*REQUIREMENT*
Could you retype exactly the lines running from the line with "100/200pcs Colorful I-Shape" to the end of the data, both included, and nothing else?

*PROVIDED DATA*
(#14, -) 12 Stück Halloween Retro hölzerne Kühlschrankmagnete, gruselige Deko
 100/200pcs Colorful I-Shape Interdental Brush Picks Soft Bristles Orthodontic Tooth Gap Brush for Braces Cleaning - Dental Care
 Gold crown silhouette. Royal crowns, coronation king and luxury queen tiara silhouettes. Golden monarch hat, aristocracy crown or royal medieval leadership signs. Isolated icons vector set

*ANSWER*
 100/200pcs Colorful I-Shape Interdental Brush Picks Soft Bristles Orthodontic Tooth Gap Brush for Braces Cleaning - Dental Care
 Gold crown silhouette. Royal crowns, coronation king and luxury queen tiara silhouettes. Golden monarch hat, aristocracy crown or royal medieval leadership signs. Isolated icons vector set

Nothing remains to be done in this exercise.